And this can map easily to the sets where we treat this as one symbol-- 6042-- and then we have 1, 3, 5, 7, 8, and 9. This set has seven elements, so the intersection of these three is equal to 7 factorial. And now we can use the inclusion-exclusion principle using this over here.

And when we plug everything in here, we can see that the intersection-- that the union-- when we count the union of P60 which P04 and P42 is actually equal to 9 factorial for these, 8 factorials for those, and a 7 factorial for these. So it's 3 times 9 factorial minus 3 times 8 factorial plus 1 times a 7 factorial. So this is how we can use inclusion-exclusion principle.

So this generalized the sum rule. And now we have a whole set of rules already discussed since last time. We continue with the bookkeeper rule. You have already seen it during recitation so I will only write it out once more. And all these rules together we will then use in a set of examples.

So what was the bookkeeper rule? We have that-- so the bookkeeper rule is, if I have distinct copies of letters-- so distinct copies of letters l1, l2, l3 and lk, well, then the number of sequences that have exactly n1 letters of the type l1 and n2 letters of the type l2 and so on, well, we can count those. So sequences with n1 copies of l1 and n2 copies of l2, and then we continue like this until we have nk copies of lk.

Well, we can count this. So these copies can be in an arbitrary order in the sequence. And we saw in recitation that this can be written as n plus 1 plus n2 all the way up to nk factorial. And we divide out the product that starts with n1 factorial times n2 factorial up to nk factorial. And this we also can write as what-- well, this is actually the definition of what we call the multinomial coefficient.

So you've already seen the binomial coefficients, which is a special case of this one. So we write this as n1 plus up to nk. And then we have n1, n2, and we just repeat all of those in here. If we have k equals 2, then we get the binomial coefficient. And if k equals this 2, we also often just forget about the last term. So we would get expressions that look like this, which is really equal to nk comma n minus k.

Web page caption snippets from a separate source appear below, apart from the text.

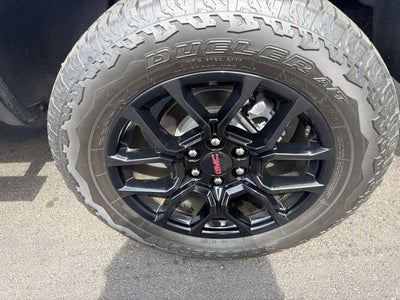 2025 GMC Canyon AT4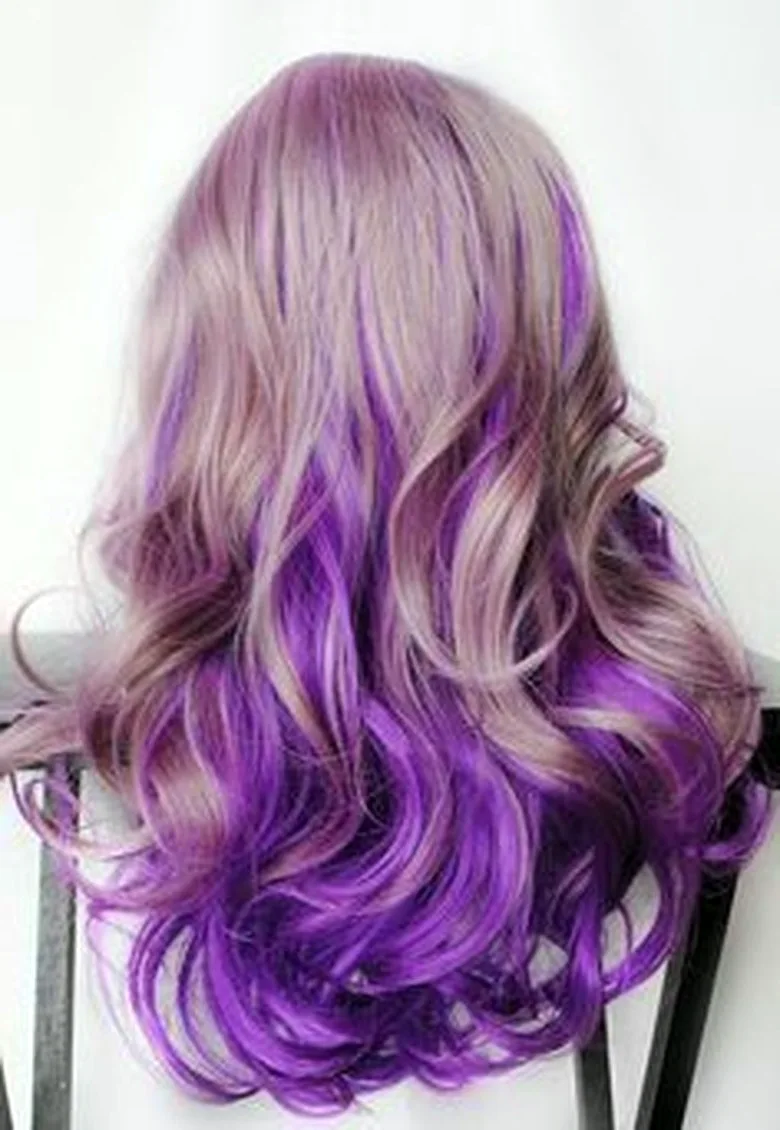 Фиолетовые пряди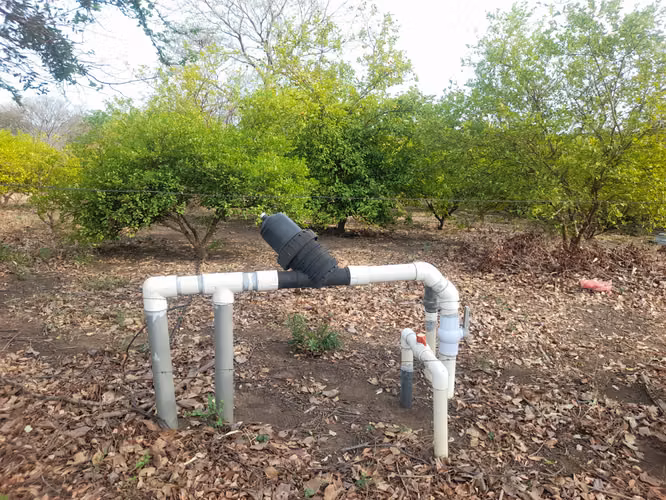 SE VENDE FINCA DE 32 MANZANAS DISEÑADA PARA GANADERÍA. - Imagen 12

OK. So this is some-- these are some definitions. And we can apply this bookkeeper rule. For example, last time in the lecture we were talking about the number of bit sequences of length 16 with four 1's. We wanted to count this because we found out that if you want to select 12 donuts of five varieties, we can find a mapping of bijection towards this set of bit sequences with 12 0's and four 1's.

So the bookkeeper rule will tell us exactly how many there are. And that's the most basic example, essentially, of this way of counting. So what do we have? So the number of bit sequences of length 16 and with four 1's-- well, is exactly equal to, according to this rule, as length 16 and we need to choose four 1's out of these 16. And it's the binomial coefficients where we choose four out of the 16 symbols. And this is equal to 16 factorial divided by 4 factorial times 12 factorial.

Now we often also denote the following rule-- we sort of identify as a special case. We say that the number of k elements-- of k element subsets-- of an n element set is actually equal to n choose k. So this is an important rule to remember which will occur many times.

OK. A theorem that we can have derived from all this stuff is what we call the binomial theorem. So we'll quickly go over that. The binomial theorem says that, for all integers n-- positive integers n-- we have a plus b to the power n equals to the sum where we take k from 0 to n and then we have the binomial where we have this expression over here. We choose k out of n and we choose, say, k times b in this expression. I will explain in a moment by an example. And n minus k ace.

And this is the theorem. And I will just give an example just to show how we can think about this. So let me do that over here. So if you take n equals to 2, then we can see that we get all the combinations, essentially, of a and b of length 2. So you have a times a, a times b, b times a, and b times b.

So what do we see? We see a squared plus ab plus ba plus b squared. Now we see that these have 1 times an a and 1 times a b. This one has 2 times an a and this one has 2 times a b. And this combines together as a squared plus 2 times ab plus b squared.

Now, if you have n equals 3-- so we have a plus b to the power 3-- you will get all the different products, all the different terms, that add up to this, are all the kinds of combinations of a's and b's. So for example, we have three a's-- so 3 times a-- but it can also have a squared times b plus aba plus b a squared. And those have exactly two times an a and one times a b.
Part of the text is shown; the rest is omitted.